-- Data section follows --
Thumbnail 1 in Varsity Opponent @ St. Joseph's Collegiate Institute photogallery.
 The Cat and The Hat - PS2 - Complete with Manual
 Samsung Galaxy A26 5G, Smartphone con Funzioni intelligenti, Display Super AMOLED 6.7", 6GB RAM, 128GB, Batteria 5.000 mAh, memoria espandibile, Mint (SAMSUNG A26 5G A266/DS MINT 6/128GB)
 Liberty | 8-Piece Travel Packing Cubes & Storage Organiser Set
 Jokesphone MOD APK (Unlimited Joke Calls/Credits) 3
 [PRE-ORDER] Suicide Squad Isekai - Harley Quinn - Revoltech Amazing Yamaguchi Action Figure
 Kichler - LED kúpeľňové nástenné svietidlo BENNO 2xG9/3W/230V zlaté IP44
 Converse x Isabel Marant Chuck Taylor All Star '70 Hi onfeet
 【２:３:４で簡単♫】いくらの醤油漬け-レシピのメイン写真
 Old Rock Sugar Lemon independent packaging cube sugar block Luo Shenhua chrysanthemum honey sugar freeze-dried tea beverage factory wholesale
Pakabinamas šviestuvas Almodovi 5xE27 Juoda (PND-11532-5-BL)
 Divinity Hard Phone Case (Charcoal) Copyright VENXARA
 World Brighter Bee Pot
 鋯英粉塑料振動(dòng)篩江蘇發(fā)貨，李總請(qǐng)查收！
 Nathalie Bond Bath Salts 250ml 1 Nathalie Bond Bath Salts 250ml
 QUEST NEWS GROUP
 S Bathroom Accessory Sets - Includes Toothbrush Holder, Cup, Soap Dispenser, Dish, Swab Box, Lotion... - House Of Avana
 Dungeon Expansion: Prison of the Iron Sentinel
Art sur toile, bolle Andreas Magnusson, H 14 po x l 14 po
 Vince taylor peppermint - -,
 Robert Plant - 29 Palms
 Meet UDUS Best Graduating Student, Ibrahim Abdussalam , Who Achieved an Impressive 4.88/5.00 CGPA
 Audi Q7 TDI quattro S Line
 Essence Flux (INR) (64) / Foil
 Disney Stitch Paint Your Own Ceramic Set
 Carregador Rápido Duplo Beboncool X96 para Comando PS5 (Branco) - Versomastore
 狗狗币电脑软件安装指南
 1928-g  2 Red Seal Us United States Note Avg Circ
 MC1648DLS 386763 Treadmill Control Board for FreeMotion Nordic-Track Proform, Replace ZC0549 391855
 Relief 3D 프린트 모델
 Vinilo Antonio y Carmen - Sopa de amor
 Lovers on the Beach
-- Data section concluded --
- What you should do -
Which lines run from the one containing "MC1648DLS 386763 Treadmill" to the end of the entries above? Print them exactly, both ends included, and nothing else.

- Answer space -
 MC1648DLS 386763 Treadmill Control Board for FreeMotion Nordic-Track Proform, Replace ZC0549 391855
 Relief 3D 프린트 모델
 Vinilo Antonio y Carmen - Sopa de amor
 Lovers on the Beach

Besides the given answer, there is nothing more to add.